MODEL Statement
- MODEL response = < effects > < /options > ;
- MODEL events/trials = < effects > < /options > ;
The MODEL statement specifies the response, or dependent
variable, and the effects, or explanatory variables.
If you omit the explanatory variables,
the procedure fits an intercept-only model.
An intercept term is included in the model by default.
The intercept can be removed with the NOINT option.
You can specify the response in the form of a single
variable or in the form of a ratio of two variables denoted
events/trials.
The first form is applicable
to all responses.
The second form is applicable only to summarized binomial response data.
When each observation in the input data set contains the number of
events (for example, successes) and the number of trials from a set
of binomial trials, use the events/trials syntax.
In the events/trials model syntax,
you specify two variables that contain
the event and trial counts.
These two variables are separated by a slash (/).
The values of both events and (trials-events)
must be nonnegative, and the value of the trials variable
must be greater than 0 for an observation to be valid.
The variable events or trials may take noninteger values.
When each observation in the input data set contains a single trial
from a binomial or multinomial experiment, use the first form of the
MODEL statement above. The response variable can be numeric or character.
The ordering of response levels is critical in these models. You can
use the RORDER= option in the PROC GENMOD statement to specify the response level ordering.
Responses for the Poisson distribution must be
positive, but they can be noninteger values.
The effects in the MODEL statement consist of
an explanatory variable or combination of variables.
Explanatory variables can be
continuous or classification variables.
Classification variables can be character or numeric.
Explanatory variables representing nominal, or
classification, data must be declared in a CLASS statement.

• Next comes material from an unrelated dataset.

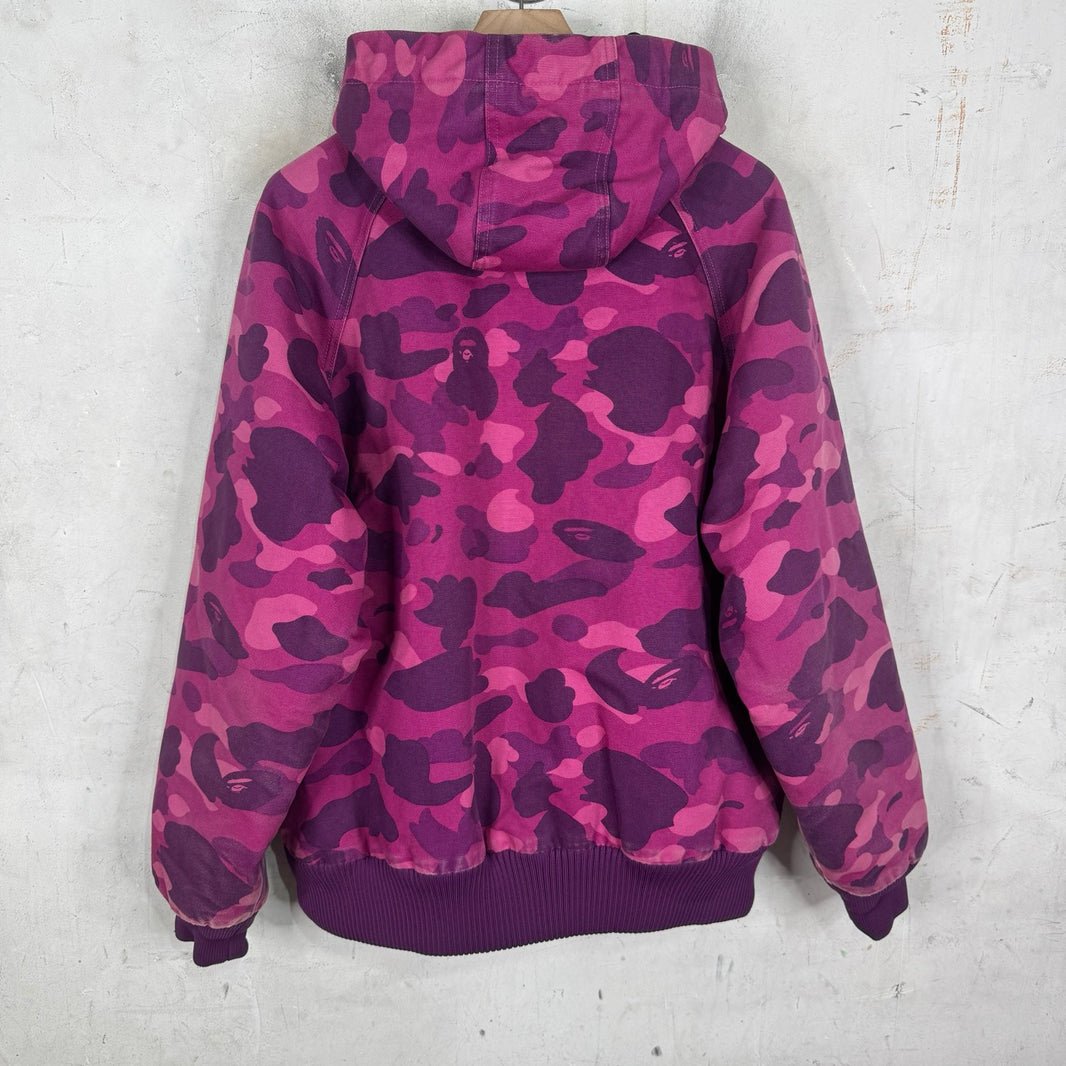 Bape x Carhartt Purple Camo Work Jacket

Interactions between variables can also be included as effects.
Columns of the design matrix are automatically
generated for classification variables and interactions.
The syntax for specification of effects
is the same as for the GLM procedure.
See the "Specification of Effects" section for more information.

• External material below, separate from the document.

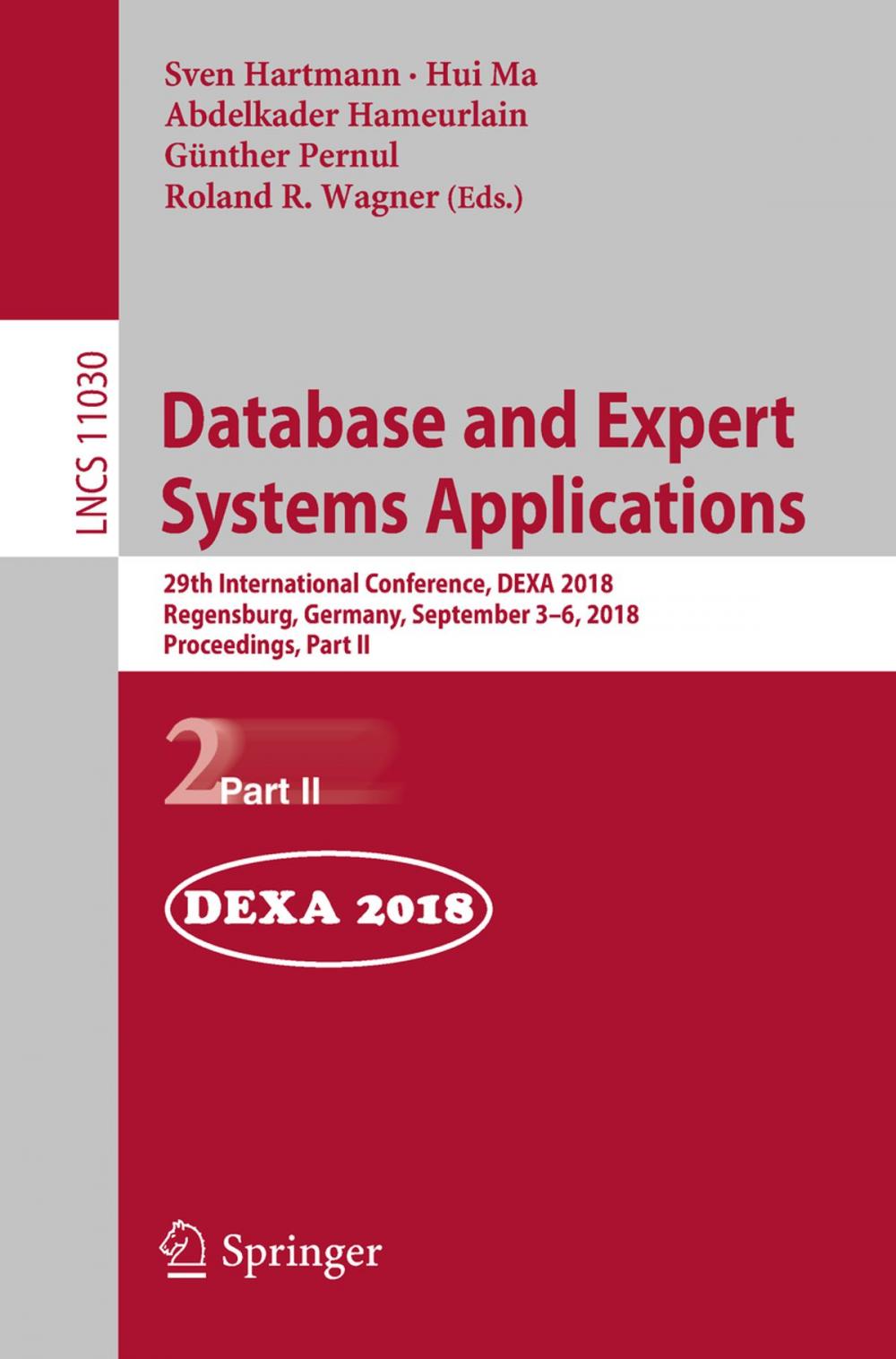 Big bigCover of Database and Expert Systems Applications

Also refer to Chapter 30, "The GLM Procedure."
You can specify the following options in
the MODEL statement after a slash (/).
- AGGREGATE= (variable-list)
- AGGREGATE= variable
-
specifies the subpopulations
on which the Pearson chi-square
and the deviance
are calculated. This option applies only to the multinomial
distribution or the binomial distribution with binary
(single trial syntax) response. It is ignored if
specified for other cases.
Observations with common values
in the given list of variables are regarded as coming from
the same subpopulation. This affects the computation of
the deviance and Pearson chi-square statistics.
Variables in the list can be any variables in the input data set.
- ALPHA | ALPH | A=number
-
sets the confidence coefficient
for parameter confidence intervals to 1-number.

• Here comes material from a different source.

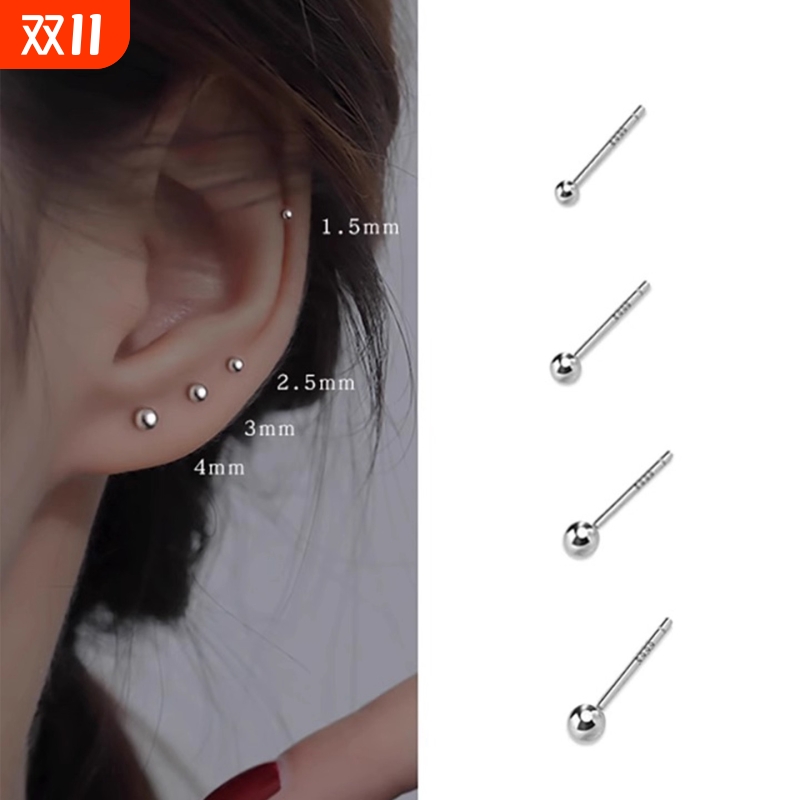 耳钉女养耳洞睡觉免摘耳棒银饰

The value of number must be between 0 and 1.
The default value of number is 0.05.
- CICONV=number
-
sets the convergence criterion for
profile likelihood confidence intervals.
See the section "Confidence Intervals for Parameters" for the definition of convergence.
The value of number must be between 0 and 1.
By default, CICONV=1E-4.
- CL
-
requests that confidence limits for predicted values
be displayed. See the OBSTATS option.
- CONVERGE=number
-
sets the convergence criterion
.
The value of number must be between 0 and 1.
The iterations are considered to have converged when
the maximum change in the parameter estimates between
iteration steps is less than the value specified.
The change is a relative change if the parameter is greater than
0.01 in absolute value; otherwise, it is an absolute change.
By default, CONVERGE=1E-4.
This convergence criterion is used in parameter estimation
for a single model fit, Type 1 statistics, and likelihood
ratio statistics for Type 3 analyses and CONTRAST statements.
- CONVH=number
-
sets the relative Hessian convergence criterion.
The value of number must be between 0 and 1.
After convergence is
determined with the change in parameter criterion
specified with the CONVERGE= option, the quantity
is computed and compared to
number, where g is the gradient vector, H is the
Hessian matrix for the model parameters, and f is the log-likelihood
function. If tc is greater than
number, a warning that the relative Hessian convergence criterion
has been exceeded is printed.
This criterion detects the occasional case where the change in parameter
convergence criterion is satisfied, but a maximum in the log-likelihood
function has not been attained.
By default, CONVH=1E-4.
- CORRB
-
requests that the parameter estimate correlation
matrix be displayed.
- COVB
-
requests that the parameter estimate covariance matrix
be displayed.
- DIST | D | ERROR | ERR = keyword
-
specifies the built-in probability distribution
to use in the model.
If you specify the DIST= option and you omit a
user-defined link function, a default link
function is chosen as displayed in the following table.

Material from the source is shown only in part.